Class DataFrameNaFunctions


  • public class DataFrameNaFunctions
    extends Object
    Provides functions for handling missing values in a DataFrame.
    Since:
    1.1.0
    • Method Detail

      • drop

        public DataFrame drop​(int minNonNullsPerRow,
                              String[] cols)
        Returns a new DataFrame that excludes all rows containing fewer than minNonNullsPerRow non-null and non-NaN values in the specified columns cols.

        If minNonNullsPerRow is greater than the number of the specified columns, the method returns an empty DataFrame. If minNonNullsPerRow is less than 1, the method returns the original DataFrame. If cols is empty, the method returns the original DataFrame.

        Parameters:
        minNonNullsPerRow - The minimum number of non-null and non-NaN values that should be in the specified columns in order for the row to be included.
        cols - A sequence of the names of columns to check for null and NaN values.
        Returns:
        A DataFrame
        Since:
        1.1.0
      • fill

        public DataFrame fill​(Map<String,​?> valueMap)
        Returns a new DataFrame that replaces all null and NaN values in the specified columns with the values provided.

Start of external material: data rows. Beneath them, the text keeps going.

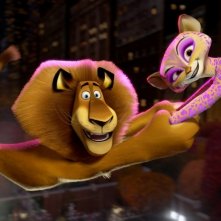 Madagascar 3: ricercati in Europa, Alex e Gia in un'acrobatica scena del film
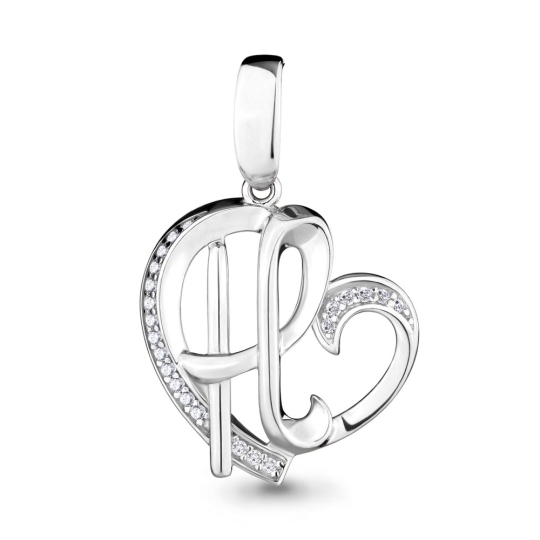 Подвеска из серебра с фианитом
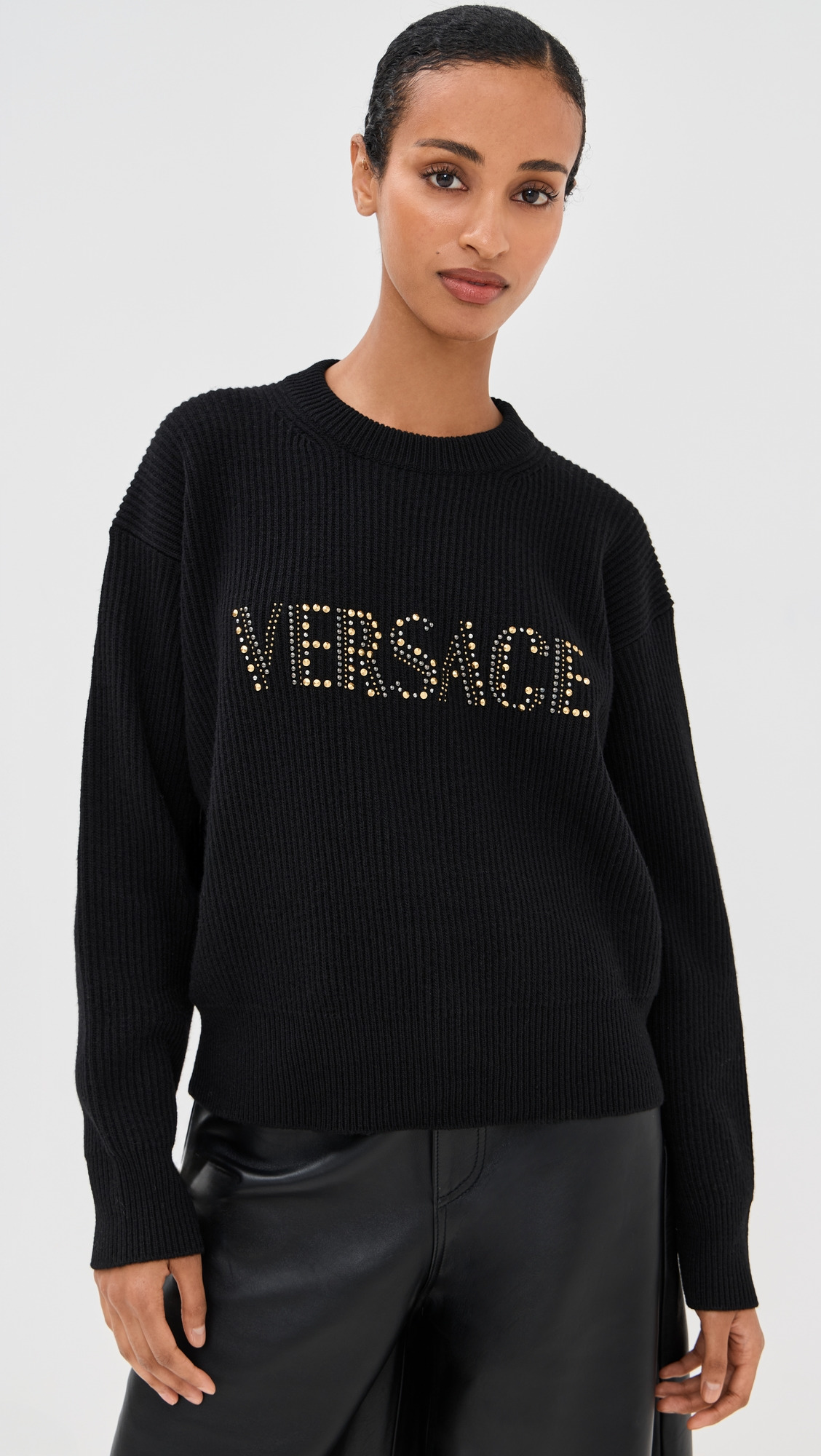 Studs Logo Embroidery Wool Knit Sweater - 6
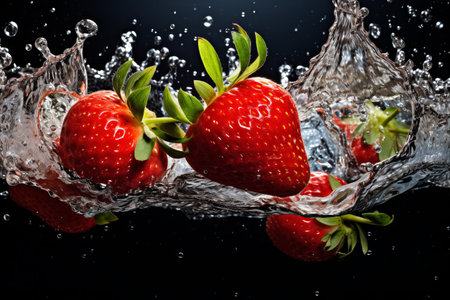 Fresh ripe strawberries resting on snowy surface with splashing water and vibrant green leavesの素材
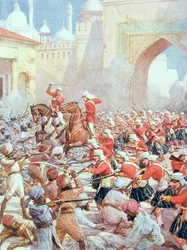 Sir Henry Havelock (1795-1857) vid reliefen i Lucknow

        valueMap describes which columns will be replaced and what the replacement values are.

        It only supports Long, Int, short, byte, String, Boolean, float, and Double values. If the type of the given value doesn't match the column type (e.g. a Long value for a StringType column), the replacement in this column will be skipped.

        Parameters:
        valueMap - A Map that associates the names of columns with the values that should be used to replace null and NaN values in those columns.
        Returns:
        A DataFrame
        Since:
        1.1.0
      • replace

        public DataFrame replace​(String colName,
                                 Map<?,​?> replacement)
        Returns a new DataFrame that replaces values in a specified column.

        Use the replacement parameter to specify a Map that associates the values to replace with new values.

        For example, suppose that you pass `col1` for colName and Map(2 -> 3, None -> 2, 4 -> null) for replacement. In `col1`, this function replaces: `2` with `3`, null with `2`, `4` with null.

        Parameters:
        colName - The name of the column in which the values should be replaced.
        replacement - A Map that associates the original values with the replacement values.
        Returns:
        The result DataFrame
        Since:
        1.1.0